Egi juga tidak menampik bahwa Pilkada juga memiliki pengaruh terhadap percepatan kerusakan hutan di Indonesia yang juga berkaitan erat dengan laju korupsi.

“Pada masa pilkada celah untuk melakukan praktik-praktik koruptif terbuka lebar. Pada masa ini pula lebih rawan terjadi politik transaksional antara politisi seperti kepala daerah dan pengusaha. Modus yang biasa terjadi adalah suap untuk penerbitan izin,” ujarnya.

“Contoh aktor yang terjerat kasus korupsi kehutanan adalah mantan Gubernur Riau Annas Maamun yang baru diberi grasi oleh Presiden RI Joko Widodo dan Bupati Bogor, Rachmat Yasin,” kata Egi.

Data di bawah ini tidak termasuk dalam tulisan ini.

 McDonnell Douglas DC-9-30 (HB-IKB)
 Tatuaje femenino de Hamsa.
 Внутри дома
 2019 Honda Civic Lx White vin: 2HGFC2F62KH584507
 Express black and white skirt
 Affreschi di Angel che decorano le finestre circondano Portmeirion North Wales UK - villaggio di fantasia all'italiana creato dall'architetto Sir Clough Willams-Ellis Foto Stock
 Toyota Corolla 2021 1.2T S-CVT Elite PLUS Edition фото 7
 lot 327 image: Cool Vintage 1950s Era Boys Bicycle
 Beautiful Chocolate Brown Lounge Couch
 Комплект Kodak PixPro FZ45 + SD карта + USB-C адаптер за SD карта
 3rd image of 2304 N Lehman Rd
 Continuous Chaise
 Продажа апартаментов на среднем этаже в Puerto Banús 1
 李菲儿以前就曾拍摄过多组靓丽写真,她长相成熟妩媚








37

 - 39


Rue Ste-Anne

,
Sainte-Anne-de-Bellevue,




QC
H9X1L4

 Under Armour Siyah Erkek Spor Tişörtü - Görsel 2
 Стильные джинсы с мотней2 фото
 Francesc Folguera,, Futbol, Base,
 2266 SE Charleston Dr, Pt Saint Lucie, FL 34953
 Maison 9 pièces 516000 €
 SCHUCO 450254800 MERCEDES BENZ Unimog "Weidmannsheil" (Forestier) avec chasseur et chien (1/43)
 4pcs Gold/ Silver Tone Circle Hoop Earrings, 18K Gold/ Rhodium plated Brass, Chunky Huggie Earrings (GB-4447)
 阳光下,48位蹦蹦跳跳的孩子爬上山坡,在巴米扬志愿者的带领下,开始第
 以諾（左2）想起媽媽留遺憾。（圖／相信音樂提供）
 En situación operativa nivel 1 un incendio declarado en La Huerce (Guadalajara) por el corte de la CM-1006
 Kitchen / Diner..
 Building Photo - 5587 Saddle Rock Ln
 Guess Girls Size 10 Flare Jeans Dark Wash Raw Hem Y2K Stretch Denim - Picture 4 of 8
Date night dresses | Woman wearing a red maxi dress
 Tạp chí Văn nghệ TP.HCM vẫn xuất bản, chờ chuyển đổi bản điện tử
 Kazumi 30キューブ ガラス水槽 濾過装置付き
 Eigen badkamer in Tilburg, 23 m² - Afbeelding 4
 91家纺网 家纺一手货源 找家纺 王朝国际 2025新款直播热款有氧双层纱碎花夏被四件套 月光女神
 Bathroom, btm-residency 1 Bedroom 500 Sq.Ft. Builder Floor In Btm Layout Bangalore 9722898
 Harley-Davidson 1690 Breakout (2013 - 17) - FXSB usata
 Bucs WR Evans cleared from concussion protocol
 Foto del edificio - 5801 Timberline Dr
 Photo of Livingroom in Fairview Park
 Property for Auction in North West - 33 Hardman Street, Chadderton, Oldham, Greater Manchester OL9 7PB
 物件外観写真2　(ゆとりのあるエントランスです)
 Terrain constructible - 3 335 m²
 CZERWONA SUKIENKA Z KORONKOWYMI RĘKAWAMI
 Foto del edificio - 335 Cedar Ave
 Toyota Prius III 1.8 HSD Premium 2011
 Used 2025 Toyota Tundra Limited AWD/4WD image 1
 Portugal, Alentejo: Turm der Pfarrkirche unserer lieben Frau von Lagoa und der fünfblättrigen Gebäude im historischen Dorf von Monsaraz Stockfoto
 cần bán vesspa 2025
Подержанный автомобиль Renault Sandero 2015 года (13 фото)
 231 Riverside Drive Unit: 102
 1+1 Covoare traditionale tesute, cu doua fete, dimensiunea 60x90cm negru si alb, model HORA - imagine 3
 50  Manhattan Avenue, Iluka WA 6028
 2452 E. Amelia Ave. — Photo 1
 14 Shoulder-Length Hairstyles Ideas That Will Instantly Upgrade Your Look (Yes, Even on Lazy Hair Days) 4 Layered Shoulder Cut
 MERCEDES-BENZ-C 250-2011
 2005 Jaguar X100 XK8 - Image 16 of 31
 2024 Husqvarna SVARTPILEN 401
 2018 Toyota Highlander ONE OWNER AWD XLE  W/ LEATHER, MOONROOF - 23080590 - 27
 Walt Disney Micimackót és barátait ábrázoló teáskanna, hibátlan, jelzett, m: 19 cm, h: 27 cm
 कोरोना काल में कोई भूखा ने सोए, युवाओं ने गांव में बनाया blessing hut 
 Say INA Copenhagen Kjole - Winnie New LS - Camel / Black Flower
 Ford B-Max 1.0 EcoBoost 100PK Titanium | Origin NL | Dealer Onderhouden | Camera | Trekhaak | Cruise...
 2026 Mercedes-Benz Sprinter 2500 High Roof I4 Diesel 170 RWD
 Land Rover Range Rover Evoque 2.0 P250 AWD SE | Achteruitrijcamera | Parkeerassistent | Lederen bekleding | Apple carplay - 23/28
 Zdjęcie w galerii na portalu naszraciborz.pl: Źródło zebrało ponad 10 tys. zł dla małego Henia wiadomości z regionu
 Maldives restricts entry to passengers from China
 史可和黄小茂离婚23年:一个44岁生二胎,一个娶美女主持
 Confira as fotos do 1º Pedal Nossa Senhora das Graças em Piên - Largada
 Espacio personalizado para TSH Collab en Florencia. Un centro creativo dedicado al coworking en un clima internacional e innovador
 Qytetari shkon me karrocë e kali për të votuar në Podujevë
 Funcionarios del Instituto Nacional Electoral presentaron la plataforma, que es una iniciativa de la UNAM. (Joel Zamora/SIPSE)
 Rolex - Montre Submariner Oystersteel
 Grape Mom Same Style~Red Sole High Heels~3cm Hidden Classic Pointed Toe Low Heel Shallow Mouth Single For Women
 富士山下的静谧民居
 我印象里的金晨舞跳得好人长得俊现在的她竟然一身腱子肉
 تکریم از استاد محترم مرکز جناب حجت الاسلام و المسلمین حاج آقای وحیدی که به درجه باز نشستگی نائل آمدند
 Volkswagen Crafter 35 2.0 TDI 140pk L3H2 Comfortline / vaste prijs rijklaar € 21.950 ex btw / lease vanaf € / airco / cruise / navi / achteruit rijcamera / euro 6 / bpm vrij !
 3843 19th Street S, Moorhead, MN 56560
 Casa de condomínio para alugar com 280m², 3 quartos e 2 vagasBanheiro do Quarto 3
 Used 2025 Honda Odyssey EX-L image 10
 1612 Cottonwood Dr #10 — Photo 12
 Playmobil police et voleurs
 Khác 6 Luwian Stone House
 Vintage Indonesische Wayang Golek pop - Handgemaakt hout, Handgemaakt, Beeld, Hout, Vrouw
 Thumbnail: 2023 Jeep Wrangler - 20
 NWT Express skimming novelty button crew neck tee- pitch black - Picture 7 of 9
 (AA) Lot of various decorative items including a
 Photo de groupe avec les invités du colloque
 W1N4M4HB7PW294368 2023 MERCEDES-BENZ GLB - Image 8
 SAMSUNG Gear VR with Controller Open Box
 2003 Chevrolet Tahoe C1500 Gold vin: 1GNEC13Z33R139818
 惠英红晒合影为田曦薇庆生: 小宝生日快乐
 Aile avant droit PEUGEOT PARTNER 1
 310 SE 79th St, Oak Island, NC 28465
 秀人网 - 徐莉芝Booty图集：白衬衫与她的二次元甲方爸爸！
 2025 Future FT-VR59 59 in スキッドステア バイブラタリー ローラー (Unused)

Selain pilkada, ia juga menyoroti faktor lain yang turut berperan dalam perusakan sumber daya alam hutan, yaitu kuatnya oligarki.

Oligarki adalah bentuk pemerintahan yang hanya dikuasai sebagian kecil elit di dalam sebuah masyarakat. Sistem ini seringkali memanfaatkan sumber daya alam, termasuk hutan, untuk memperoleh keuntungan pribadi.

“Pada akhirnya deforestasi, pembakaran hutan, kerusakan hutan semakin parah. Pilkada adalah masa terbaik bagi mereka untuk unjuk taring dan merusak sumber daya alam kita,” ungkapnya.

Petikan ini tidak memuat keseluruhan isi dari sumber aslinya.